**WHAT TO DO:** Copy the data below exactly, omitting any picture it contains.

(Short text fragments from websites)
__________________________________________________

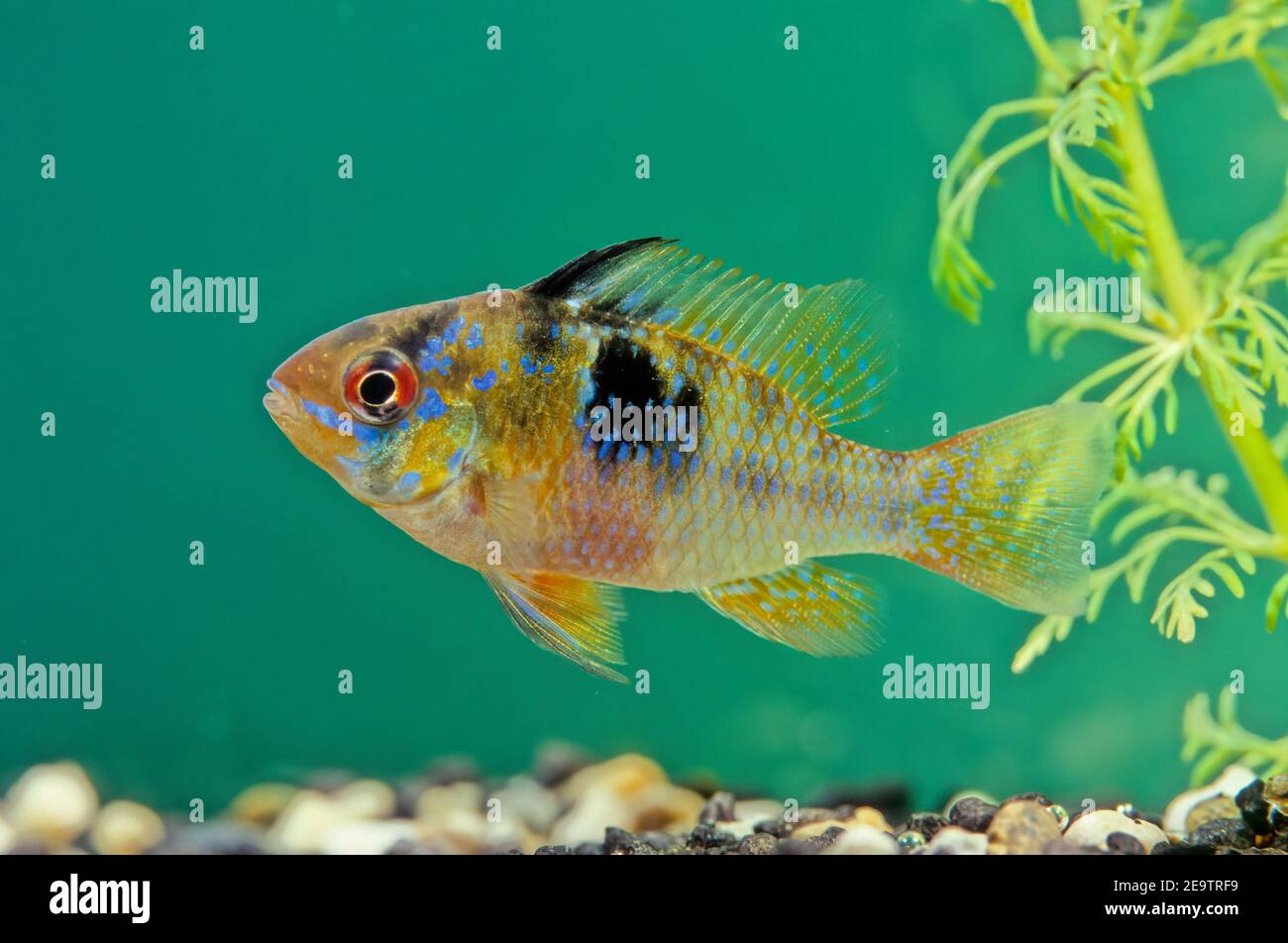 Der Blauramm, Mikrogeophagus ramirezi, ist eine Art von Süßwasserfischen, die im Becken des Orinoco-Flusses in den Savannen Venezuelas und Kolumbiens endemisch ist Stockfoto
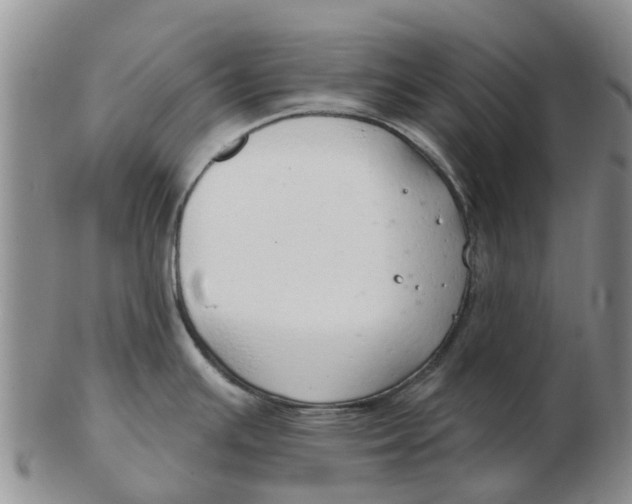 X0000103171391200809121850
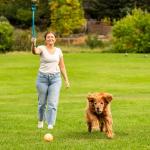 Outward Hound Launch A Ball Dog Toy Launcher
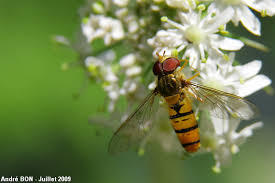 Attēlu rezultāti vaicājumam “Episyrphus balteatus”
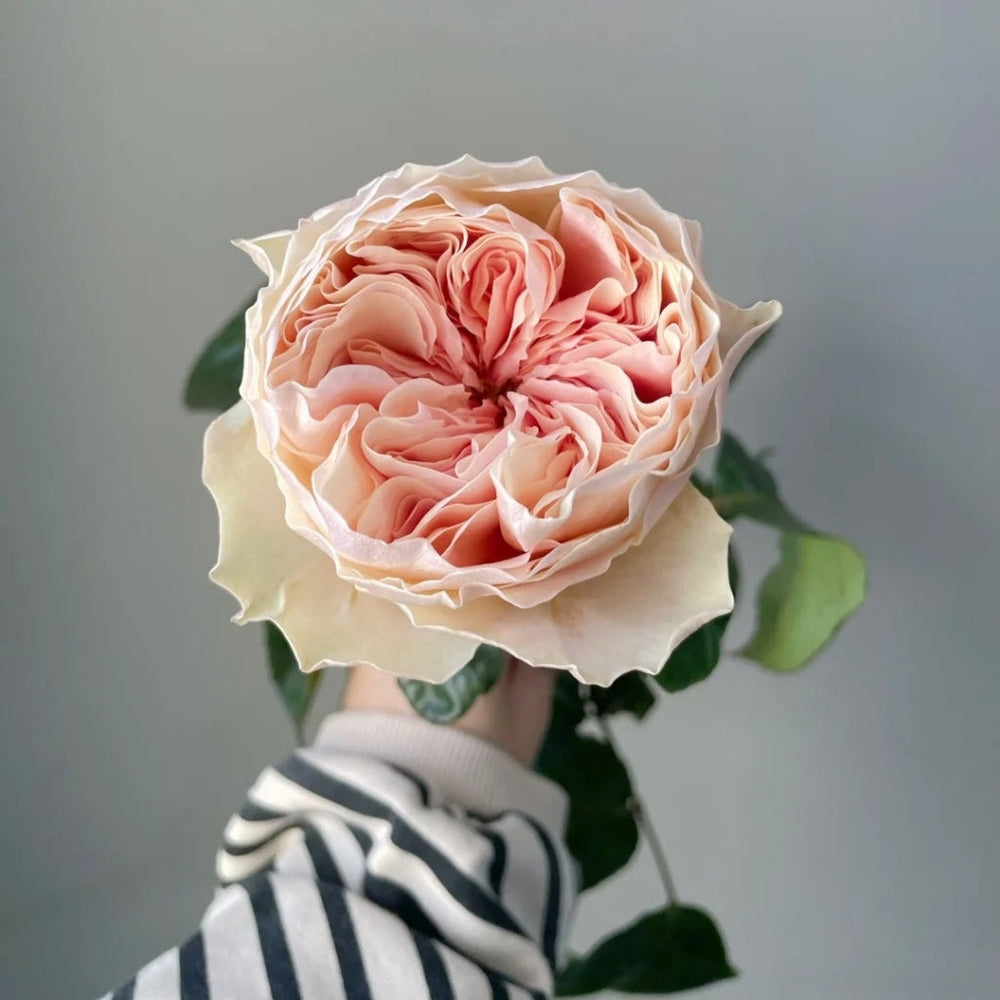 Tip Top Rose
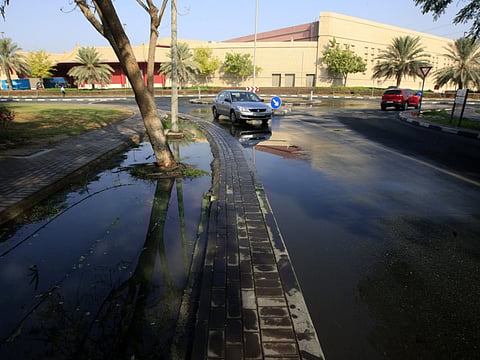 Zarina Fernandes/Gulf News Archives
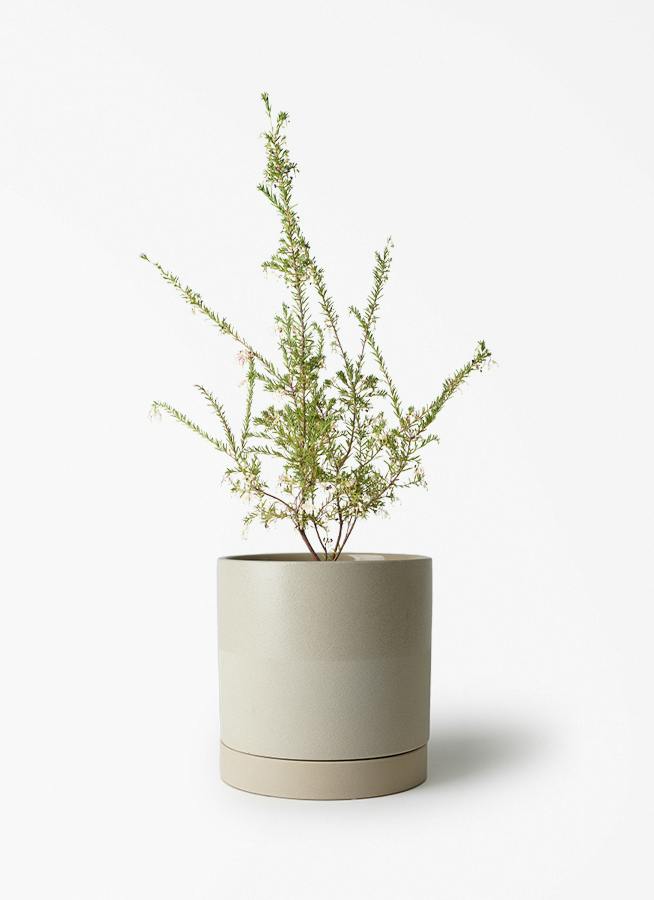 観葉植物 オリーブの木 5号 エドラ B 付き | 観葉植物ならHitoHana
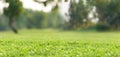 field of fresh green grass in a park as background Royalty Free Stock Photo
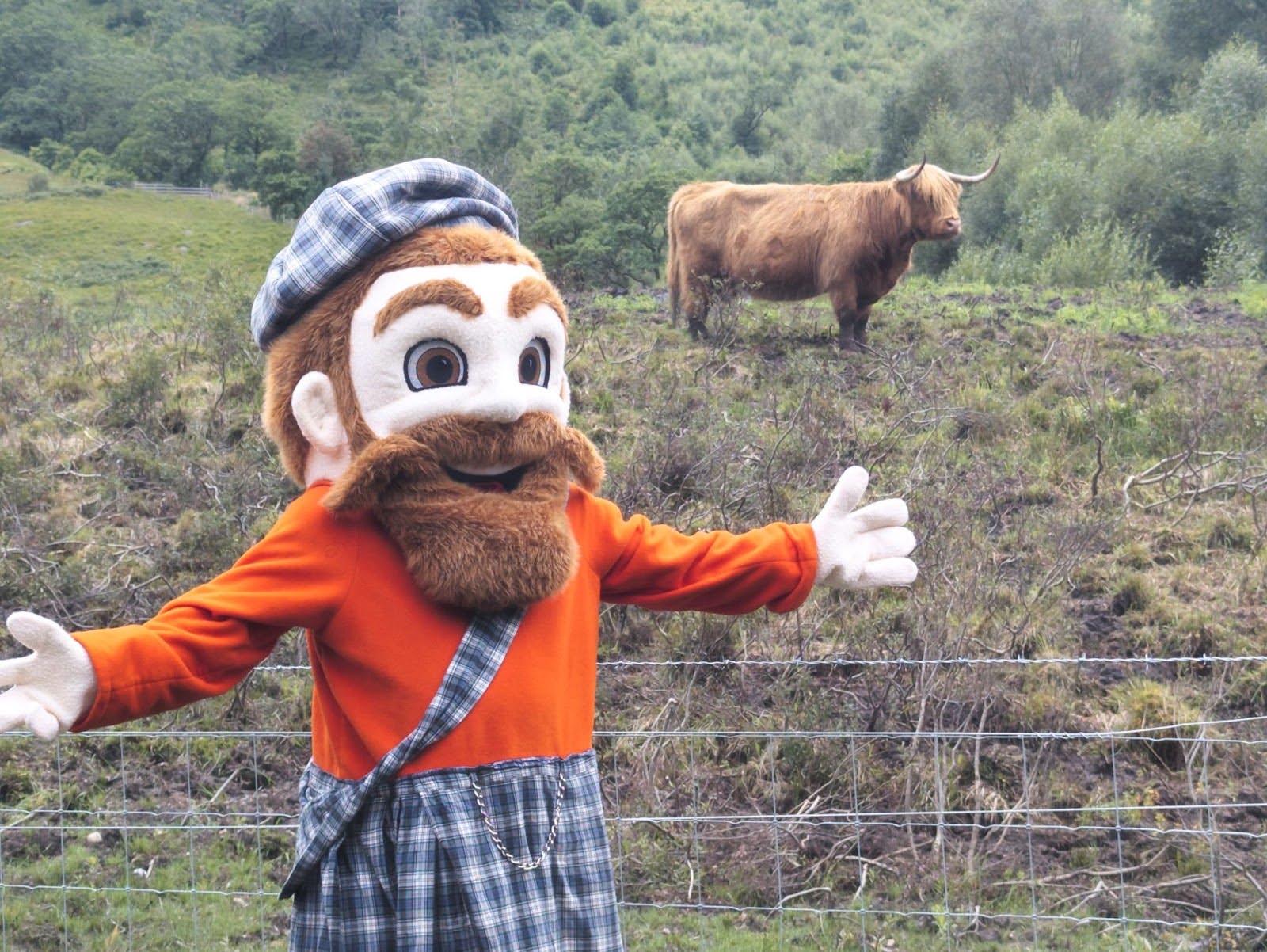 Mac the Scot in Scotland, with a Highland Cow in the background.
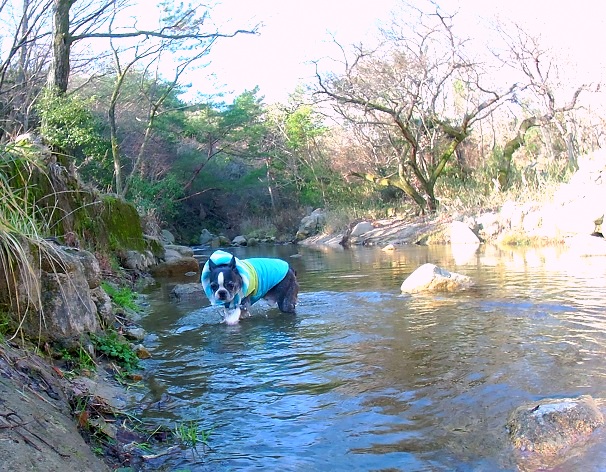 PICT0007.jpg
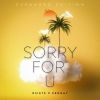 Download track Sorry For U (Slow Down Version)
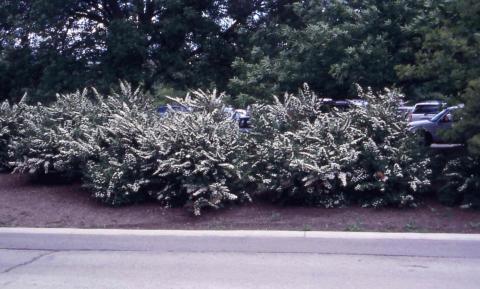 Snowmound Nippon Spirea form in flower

__________________________________________________

**OUTPUT OF THE EXERCISE:**
 Der Blauramm, Mikrogeophagus ramirezi, ist eine Art von Süßwasserfischen, die im Becken des Orinoco-Flusses in den Savannen Venezuelas und Kolumbiens endemisch ist Stockfoto
 X0000103171391200809121850
 Outward Hound Launch A Ball Dog Toy Launcher
 Attēlu rezultāti vaicājumam “Episyrphus balteatus”
 Tip Top Rose
 Zarina Fernandes/Gulf News Archives
 観葉植物 オリーブの木 5号 エドラ B 付き | 観葉植物ならHitoHana
 field of fresh green grass in a park as background Royalty Free Stock Photo
 Mac the Scot in Scotland, with a Highland Cow in the background.
 PICT0007.jpg
 Download track Sorry For U (Slow Down Version)
 Snowmound Nippon Spirea form in flower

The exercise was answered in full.